▶ Given data
######
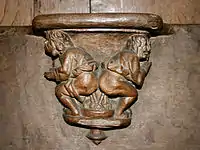 Sujet satyrique, Walcourt.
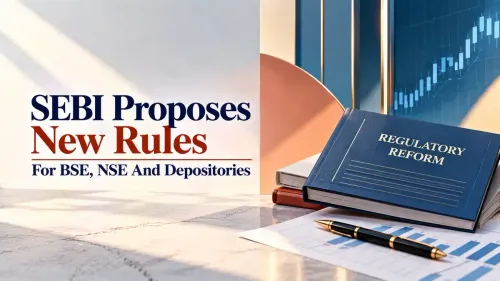 sebi new rules bse nse stock exchanges depositories SEBI Proposes New Rules For BSE, NSE And Depositories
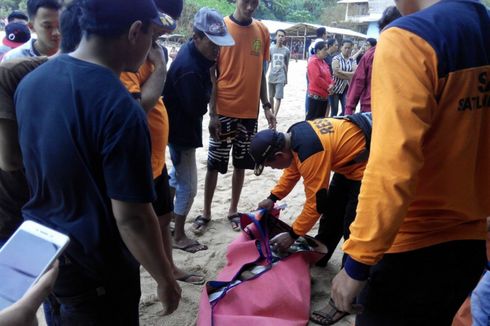 Seorang Pria Ditemukan Tewas di Celah Karang Pantai Indrayanti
######
▶ About this task
The reply has to reproduce every line above verbatim and contain no pictures.

▶ Final answer
 Sujet satyrique, Walcourt.
 sebi new rules bse nse stock exchanges depositories SEBI Proposes New Rules For BSE, NSE And Depositories
 Seorang Pria Ditemukan Tewas di Celah Karang Pantai Indrayanti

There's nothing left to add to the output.